Djawanews.com – Ketua DPR Puan Maharani menanggapi soal Mahkamah Kehormatan Dewan (MKD) memberikan sanksi etik teguran tertulis kepada anggota Komisi I DPR dari Fraksi PDIP Yulius Setiarto terkait dugaan keterlibatan Polri di Pilkada 2024. Puan mengatatakan sanksi tersebut telah sesuai dengan mekanisme yang berlaku di MKD.
"Jika kemudian dianggap dalam pernyataannya atau kemudian tingkah lakunya itu ada hal yang harus kami cermati atau kemudian kami evaluasi, tentu saja kami harus menindaklanjuti hal tersebut dalam mekanisme dan profesionalitas yang kami lakukan," ujar Puan di gedung DPR, kompleks parlemen, Senayan, Jakarta, Kamis 5 Desember.
Puan memastikan MKD akan memberikan sanksi etik terhadap semua anggota DPR yang terbukti melakukan pelanggaran kode etik. Menurut Puan, anggota DPR dari fraksi mana pun, memiliki hak berbicara, tetapi tetap dibatasi koridor-koridor etis.

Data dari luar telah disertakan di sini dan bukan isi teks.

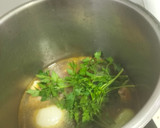 Foto del paso 4 de la receta: Sopa de pollo casera en olla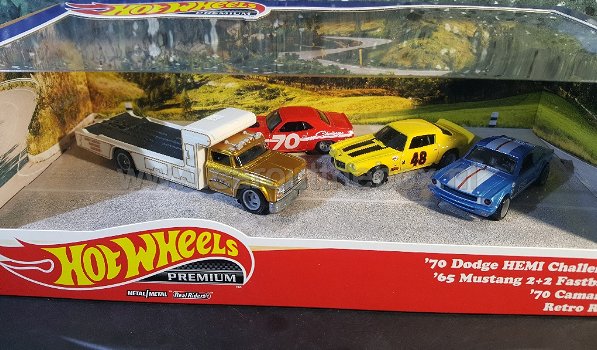 Hotwheels Set #5 GOING TO THE RACES 1:64 Hotwheels - 1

"Anggota DPR mempunyai hak untuk berbicara, tetapi MKD mempunyai mekanisme untuk melihat apakah hal tersebut harus dicek atau tidak dicek. Kemudian ada mekanisme yang melakukan sidang terkait dengan hal itu," jelas ketua DPP PDIP ini.
Puan mengingatkan bahwa sanksi etik bisa dikenakan kepada semua anggota dewan. Untuk itu, dia berharap perbuatan dan perkataan anggota dewan tetap mengindahkan etika.

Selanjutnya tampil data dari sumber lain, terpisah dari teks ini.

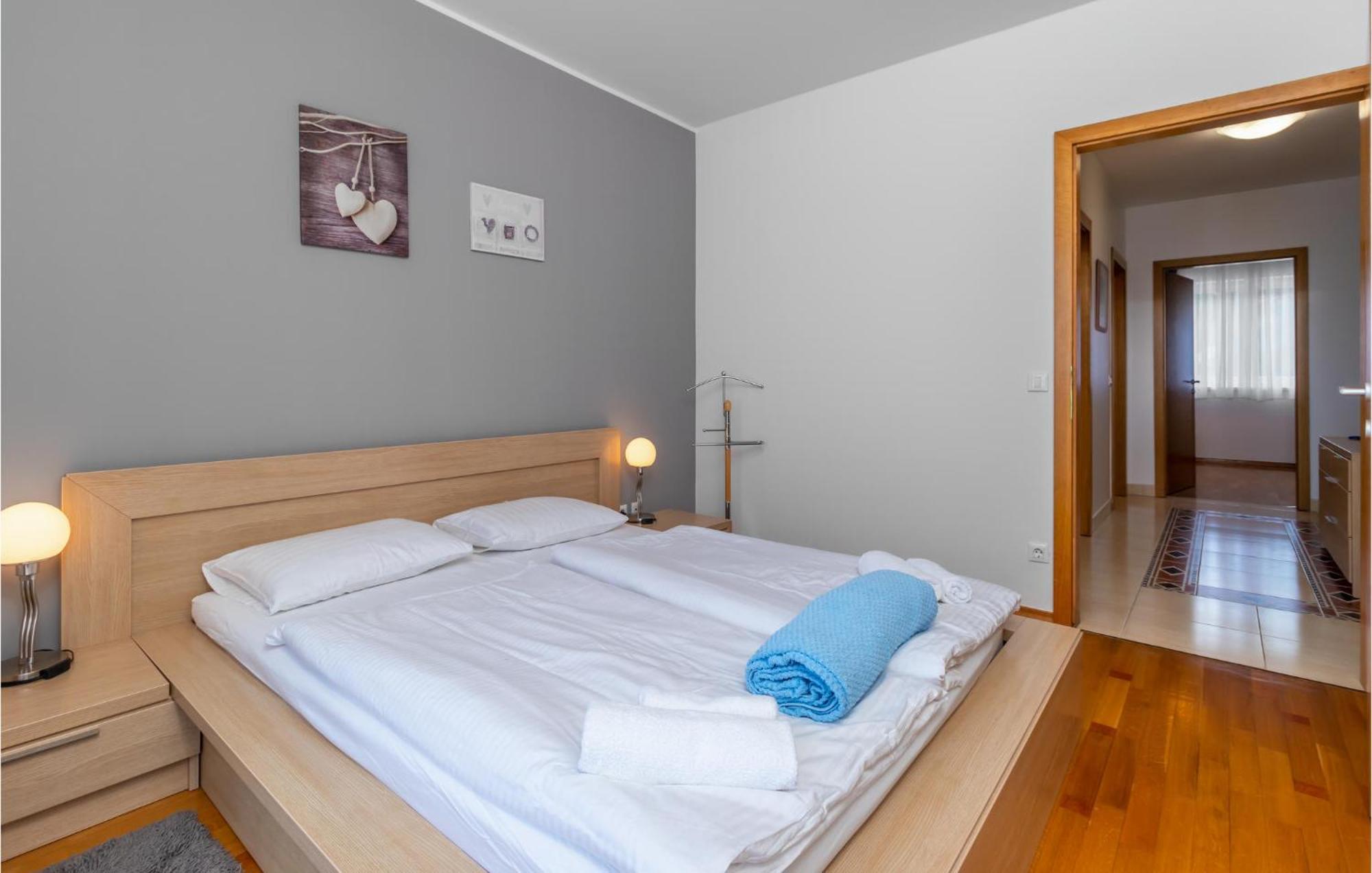 Lovely Apartment In Selce With House Sea View Buitenkant foto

"Itu bukan hanya PDIP saja, semua anggota DPR, anggota dari fraksi manapun atau partai manapun," pungkas Puan.
MKD DPR sebelumnya menjatuhkan sanksi teguran tertulis kepada Anggota Komisi I DPR RI fraksi PDI Perjuangan Yulius Setiarto. Yulius terbukti melakukan pelanggaran etik buntut pernyataannya yang menyinggung netralitas aparat dalam pelaksanaan Pilkada Serentak 2024.
"Berdasarkan pertimbangan hukum dan etika MKD memutuskan bahwa teradu Yth Yulius Setyanto Nomor Anggota A-234 Fraksi PDIP terbukti melanggar kode etik dan diberikan sanksi teguran tertulis," ucap Ketua MKD DPR RI, Nazaruddin Dek Gam kemarin.

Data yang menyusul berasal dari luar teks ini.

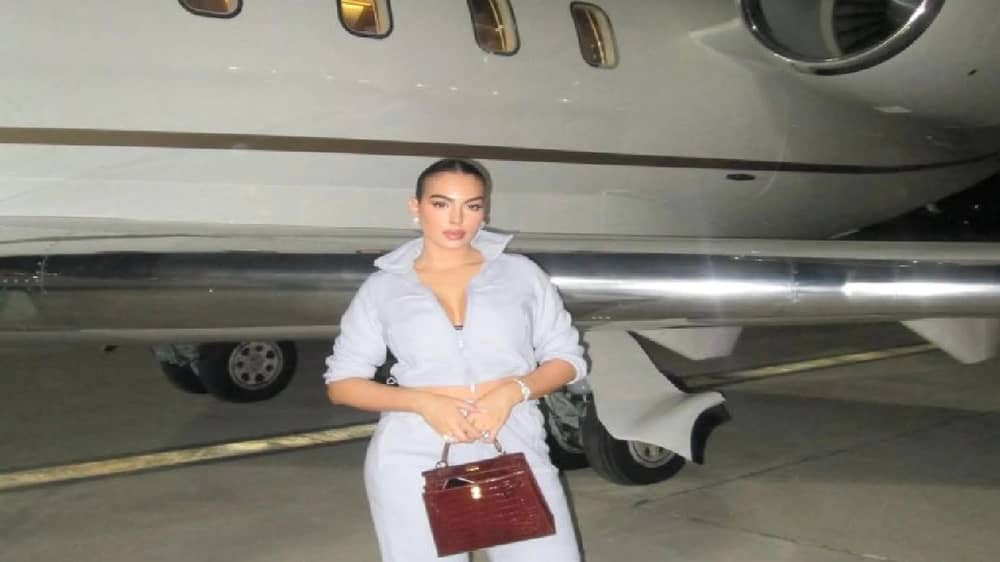 جورجينا تتألق بإطلالة رياضية على متن طائرتها.. صور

Yulius dijatuhkan sanksi pelanggaran etik usai dilaporkan seorang bernama Ali Hakim Lubis lantaran membuat unggahan terkait dugaan netralitas aparat kepolisian pada Pilkada Serentak 2024.
Namun, Yulius menegaskan dirinya tidak merasa melanggar kode etik terkait menyinggung netralitas kepolisian pada Pilkada 2024. Ia menekankan, dirinya hanya ingin meminta klarifikasi atas dugaan yang muncul terkait persoalan netralitas aparat kepolisian pada Pilkada 2024.